Hip Homeschool Hop Button

Handi-Skills Spotlight: Changing a Light Bulb

OK, time for something new to kick off 2012 – Each week I plan to feature a different handicraft or life skill that would meet Charlotte Mason’s approval.

The points to be borne in children’s handicrafts are:(a) that they should not be employed in making futilities such a pea and stick work, paper mats, and the like; (b) that they should be taught slowly and carefully what they are to do; (c) that slipshod work should not be allowed; (d) and that, therefore, the children’s work should be kept well within their compass. Volume 1, Home Education pp 315, 316.

While perusing a list of possible choices at Simply Charlotte Mason, I one struck me as odd – at first.

Changing a light bulb. And, then I asked myself the question – “Do my children know how to change a light bulb?”  Realizing that there was really no reason why they would, I decided that this should be our first task tackled (don’t you just love that alliteration?)

  1. Make sure the switch is flipped to OFF. (This could take some finagling in one of those rooms with several different switches that control the same light, BUT it can be done – when installed, they all were in the off position…)
  2. If the light just went out, wait several minutes to make sure that the bulb is cool to the touch. If you are unclear, you can tap a finger lightly (and quickly).
  3. If the bulb is above your head, find something sturdy to get higher.  NO – a chair is not a suitable step stool – and for goodness sake, if you do use a chair (because we all do it at least once, don’t we?), please don’t use a rolling one.
  4. Remove the blown bulb (Lefty Loosey).
  5. Place it aside on a level surface.
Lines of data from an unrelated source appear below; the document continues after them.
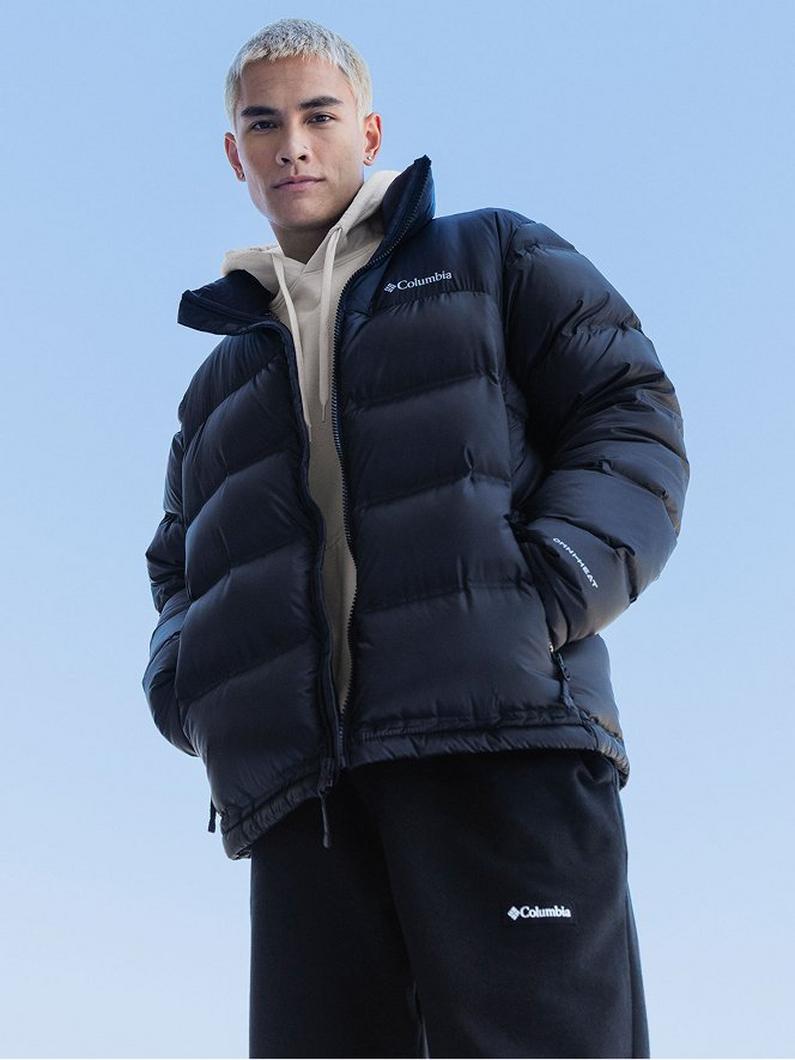 Model wearing navy puffer jacket over beige hoodie with hands in pockets.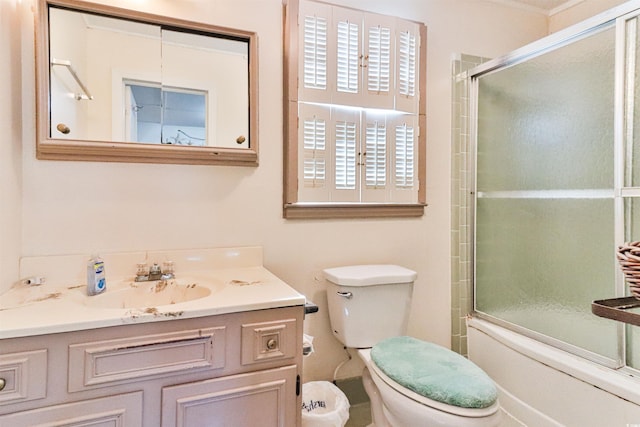 full bathroom with bath / shower combo with glass door, vanity, and toilet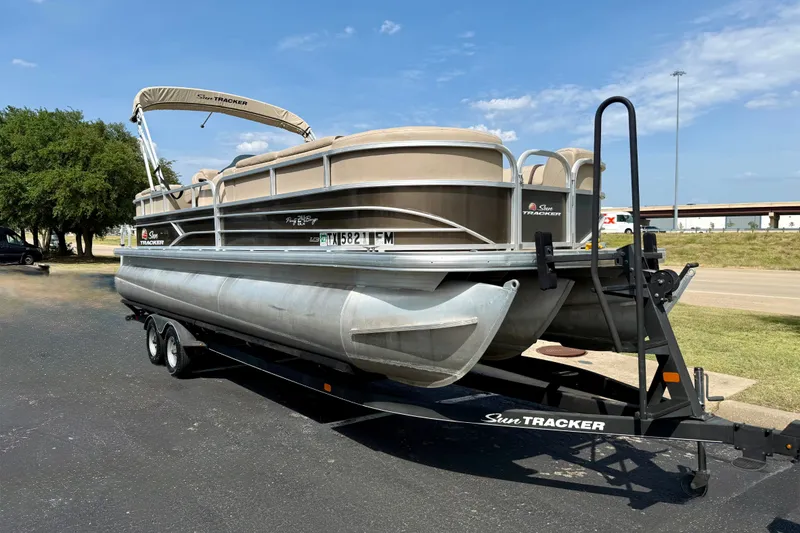 The Image of 2018 Sun Tracker Party Barge 24 XP3 pontoon boat on trailer, parked outdoors. - 0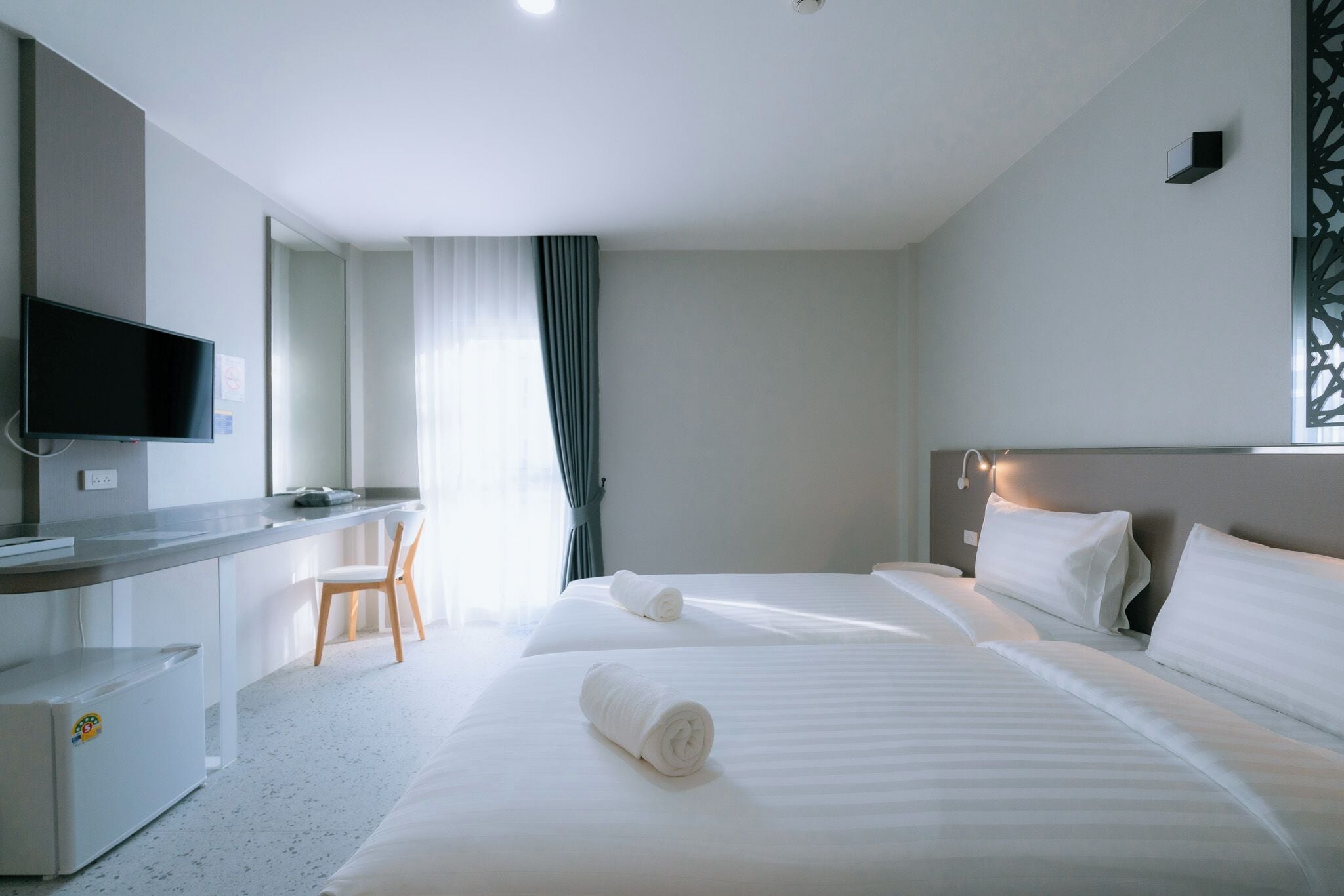 A hotel room with two beds, a desk, a chair, and a television.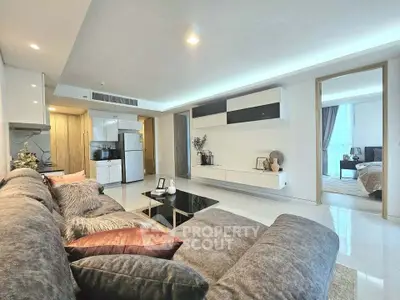 Spacious modern living room with plush sofa and open view to bedroom, ideal for luxury urban living.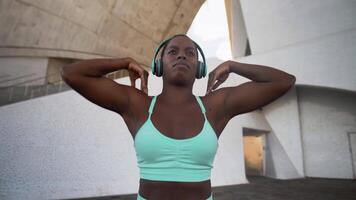 un mujer en un Deportes sostén parte superior y auriculares video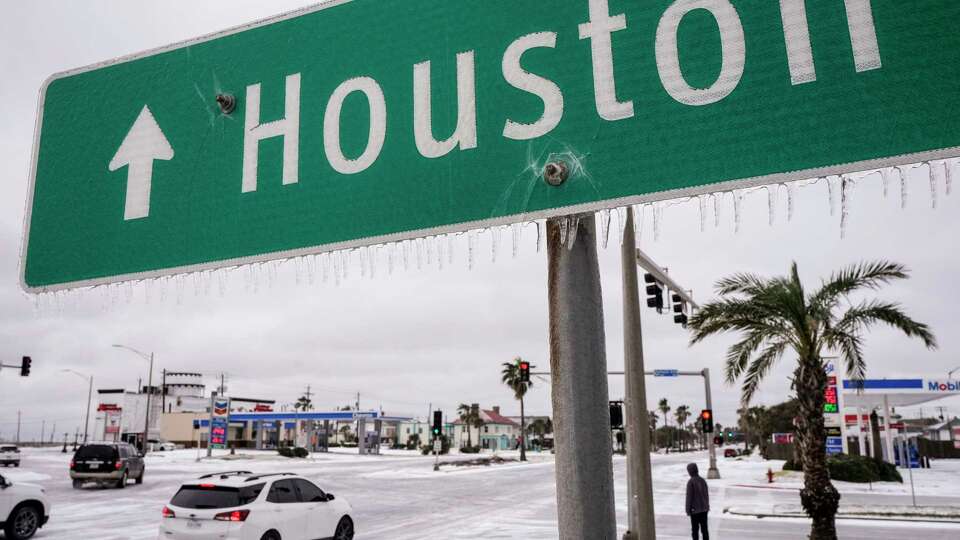 Icicles hang from a sign pointing the way to Houston during an icy winter storm on Tuesday, Jan. 21, 2025 in Galveston.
It’s amazing how many tiny shards those bulbs can shatter into – and, if you happen to have the misfortune to break one of those corkscrew bulbs, you will have the added fun of cleaning mercury off of your floor… So, as the genie says “Don’t do it…it’s not pretty”
  6. Pick up the new bulb and then screw it in (Righty Tighty.)
  7. Flip the switch to ON to admire your handiwork.
  8. And, of course don’t forget to throw away the old bulb! (I always use the kitchen trash can because I feel like the bag is strong enough to take it if the bulb breaks.)

And now I feel better knowing that my kids will not be leaving the house without knowing how to change a bulb – and BONUS: I now have 2 new bulb changers in the house!

What about you ~ do your kids know how to change a light bulb?